La Speranza rende l'anima quasi onnipotente, invincibile e somministra all'anima la perseveranza finale, tanto che, allora cessa di sperare e di perseverare, quando ha preso possesso del regno del cielo; allora depone la Speranza e tutta si tuffa nell'oceano immenso dell'amore divino.
Volume 1 - Capitolo 60
La carità fa amare
Mentre l'anima mia si perdeva nel mare immenso della Speranza, il mio diletto Gesù ritornava e parlava della Carità, dicendomi: «Alla Fede ed alla Speranza sottentra la Carità, e questa congiunge tutto il resto insieme delle altre due, in modo da formarne una sola, mentre sono tre. Eccoti, o sposa mia, adombrata nelle tre virtù teologali la Trinità delle Divine Persone».
Poi proseguì: «Se la Fede fa credere, la Speranza fa sperare, la Carità fa amare. Se la Fede è luce e serve di vista all'anima, la Speranza, che è l'alimento della Fede, somministra all'anima il coraggio, la pace, la perseveranza e tutto il resto. La Carità, che è la sostanza di questa luce e di questo alimento, è come quell'unguento dolcissimo e odorosissimo che penetrando dappertutto, lenisce, raddolcisce le pene della vita. La Carità rende dolce il patire e fa giungere anche a desiderarlo. L'anima che possiede la Carità spande odore dappertutto, le sue opere, fatte tutte per amore, danno un odore graditissimo, e qual'è questo odore? È l'odore di Dio stesso. Le altre virtù rendono l'anima solitaria e quasi rustica con le creature; la Carità invece, essendo sostanza che unisce, unisce i cuori, ma dove? In Dio. La Carità essendo unguento odorosissimo si spande dappertutto e con tutti. La Carità fa soffrire con gioia i più spietati tormenti, e giunge a non saper stare senza il patire, e quando se ne vede priva dice al suo Sposo Gesù: - Sostenetemi coi frutti, qual'è il patire, perché languisco d'amore, e dove altro posso mostrarti il mio amore (se non) che nel patire per Te? -. La Carità brucia, consuma tutte le altre cose, ed anche le stesse virtù, e converte tutte in sé. Insomma, è qual regina che vuol regnare dappertutto, e che non vuol cederla a nessuno.

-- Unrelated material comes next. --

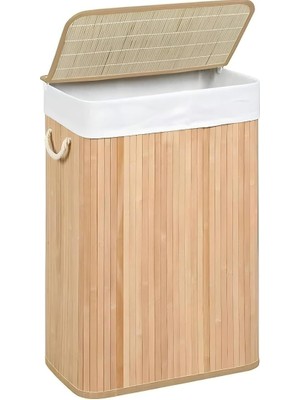 Odea Tr Çamaşır Sepeti Doğal Bambu Katlanabilir Kirlilik, Yıkanabilir Çıkarılabilir Astar Torbalı, Sele Görünümlü Şık ve Dayanıklı Çamaşır Sepeti, Kapaklı ve Ergonomik Tasarım (Tek Bölmeli)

La più grande disgrazia è il non patire
Chi può dire quello che rimase dietro questo parlare di Gesù? Dico solo che si accese in me tale brama di patire, non solo brama, ma mi sento in me come un'infusione, come una cosa naturale, tanto che per me ritengo che la più grande disgrazia è il non patire.

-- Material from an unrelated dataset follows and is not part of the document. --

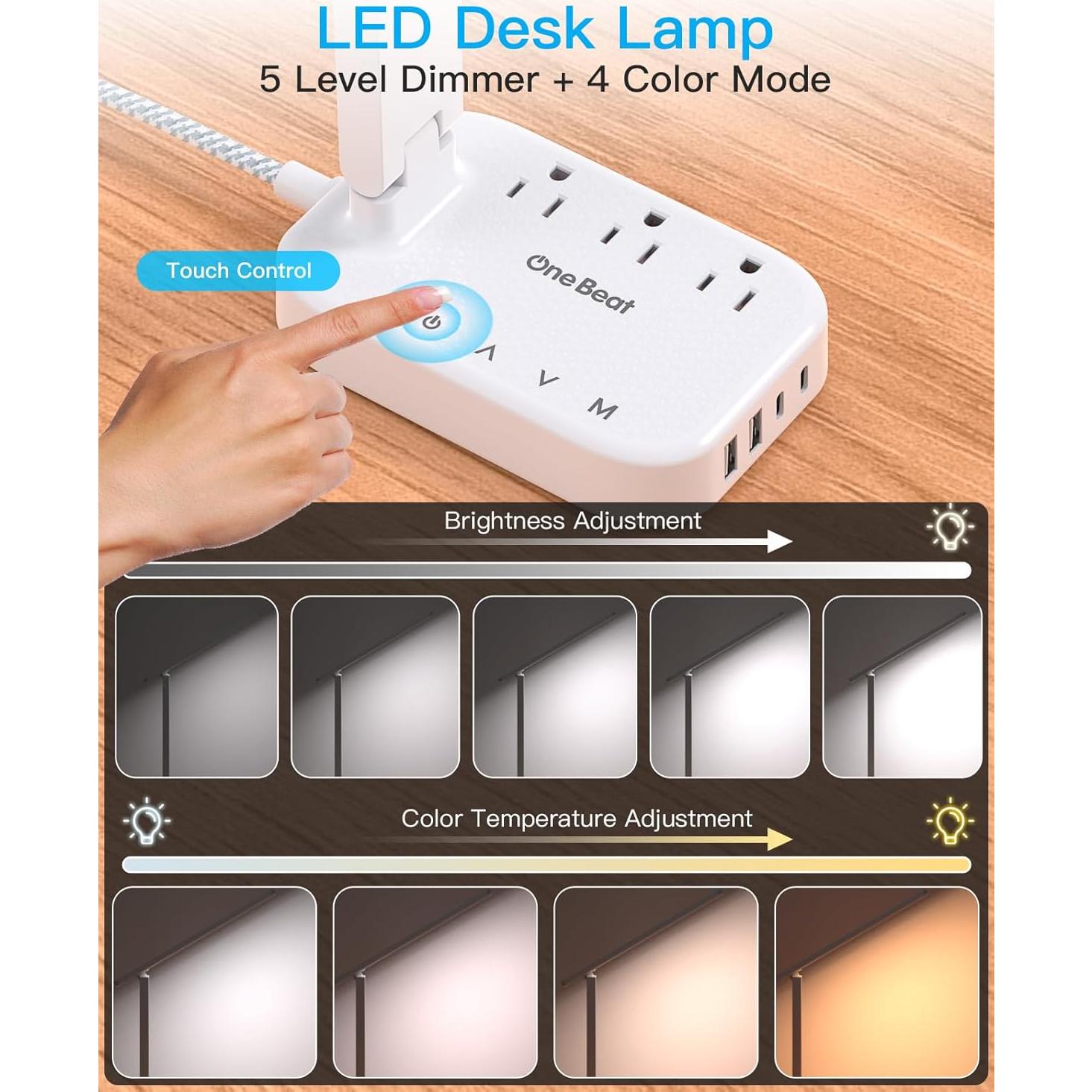 Regleta de Enchufes One Beat con Lámpara LED 1.5m 3 Salidas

Dopo ciò, quella mattina, Gesù per disporre il mio cuore maggiormente, parlò sull'annientamento di me stessa; disse pure sul desiderio grandissimo che dovevo eccitarmi per dispormi a ricevere la grazia. mi diceva che il desiderio supplisce ai mancamenti ed imperfezioni che ci possono essere nell'anima, è come un ammanto che copre tutto. Ma questo non era un parlare semplicemente, era un infondere in me ciò che diceva.